# Exercise via laser pointer for bettas?



## ChibiShishou (Dec 9, 2011)

Has anyone tried exercising their bettas with a laser pointer? Just like you do with cats?
My room mates science professor discovered on accident during a lecture that fish chase laser pointers, my roomie and I traversed over to the science labs and did a little test of it and viola- fish chasing after it.
Course it was a bit difficult because the tanks were heavily decorated and we didn't want them to bump into things BUT I digress.

Is this a ye or a nay when it comes to safely exercising your betta ?


----------



## haveyouhadyourteayet (Jan 14, 2014)

As long as they don't try to chase it out of the tank, I'm sure it'll be fine!


----------



## nel3 (May 29, 2011)

though i dont suggest you get them in the eye with the pointer. not sure what effects the reflection may have on the betta but direct line of sight should be avoided.


----------



## Polkadot (Feb 10, 2013)

Instead of a laser pointer I use a bright coloured cloth.Each day I wipe the lids of my boys tanks with a little bright green micro fibre cloth,just to keep dust away & my little Plakat boy Mako LOVES it!

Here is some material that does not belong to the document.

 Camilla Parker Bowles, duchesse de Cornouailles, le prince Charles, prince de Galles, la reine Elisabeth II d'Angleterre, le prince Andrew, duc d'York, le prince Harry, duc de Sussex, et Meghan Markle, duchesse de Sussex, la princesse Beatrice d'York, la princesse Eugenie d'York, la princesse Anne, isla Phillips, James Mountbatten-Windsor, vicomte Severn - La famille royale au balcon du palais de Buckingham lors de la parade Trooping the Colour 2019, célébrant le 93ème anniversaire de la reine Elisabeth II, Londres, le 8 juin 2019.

When he sees me with it in my hand he swims to the front & I wipe it along the front of the glass for him & he chases it and flares at it.So cute! :-D


----------



## Destinystar (May 26, 2012)

My guy likes to follow the laser pointer around his tank. I think its safe an fun game as long as your careful not to shine it in their eyes


----------



## Waking Buddha (Jan 3, 2014)

I work at a petstore and people take the lasers to play with the cats all the time. One time a little kid came over to the fish and was shining it in the tanks. Certain fish went nuts over it. I've used it in my tanks with my bettas before and they chased it a little. I don't see anything wrong with it as long as it's not in their eyes (like others have already said).


----------



## BettaBeau (May 14, 2014)

I have my betta, Infra Red, chase her food. I soak her pellets in a drop of tank water, then I stick one on the round end of a bright yellow swizzle stick. I move the stick around the front and sides of the tank, and she chases it and tries to catch it. I finally put the end of the stick above her water and touch the pellet to the water, Infra Red catches it and chows down, munch munch munch!


----------